Comme celle de Laëticia (prénom modifié), ex-salariée d’une grande entreprise de vente, qui n’a pas encore reçu de réponse quant à sa demande d’aide juridictionnelle. Licenciée en même temps qu’un collègue voilà un an et demi, ils sont venus tous les deux accompagnés d’un avocat recommandé par les délégués du personnel de leur ancienne boîte. « Nous avons été licenciés pour faute grave, on plaide le licenciement abusif, explique-t-elle. J’ai quand même eu droit aux Assedic, j’ai retrouvé des missions dans la vente mais c’est compliqué. Je suis mère célibataire, je dois faire garder mon enfant, je pense changer de voie ». Un autre dossier est renvoyé une chambre plus loin, le président reconnaissant un conflit d’intérêts du fait de sa proximité avec l’une des parties.

Me Lamy, quant à elle, a bien failli ne pas pouvoir plaider pour sa cliente, une ex-salariée d’une boutique d’objets de décoration « haut de gamme », licenciée pour faute simple. L’avocate de la partie adverse lui a transmis ses conclusions dix jours seulement avant l’audience qui avait été annoncée plusieurs mois plus tôt. « C’est très inconfortable et en même temps typique des audiences de conseil des prud’hommes. L’employeur joue la montre et attend le dernier moment pour envoyer ses pièces car les délais ne sont pas impératifs », explique l’avocate parisienne. Le but étant de retarder l’échange de nouvelles pièces en réponse à ces écritures tardives et, le cas échéant, obliger le demandeur à renvoyer l’audience, avec l’espoir de dégoûter le demandeur, qui continue, pendant ce temps, à rémunérer le conseil. L’avocate avait bien rodé son dossier et n’a pas eu à produire de nouvelles pièces.

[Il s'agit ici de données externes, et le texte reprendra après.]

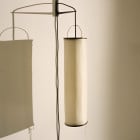 Gubi Silk Lantern Wall Light In Situ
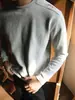 Camiseta Térmica Base Ajustada de Moda Americana Textura de Panal Bordado de Etiqueta Roja Sudadera con Capucha Manga Larga para Hombre Prenda Interior Adelgazante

La semaine précédente en revanche, elle avait dû solliciter un renvoi dans un dossier d’encadrement plus complexe, impliquant des salaires très élevés. Les conclusions de la partie adverse, envoyées très tardivement, avaient soulevé de nouveaux points. L’avocate devait justifier de nouvelles pièces mais il était déjà trop tard. « C’est pour cela que j’incite mes clients à m’accompagner à l’audience, pour qu’ils se rendent compte que ce n’est pas de notre faute si le dossier est renvoyé sept à huit mois plus tard ».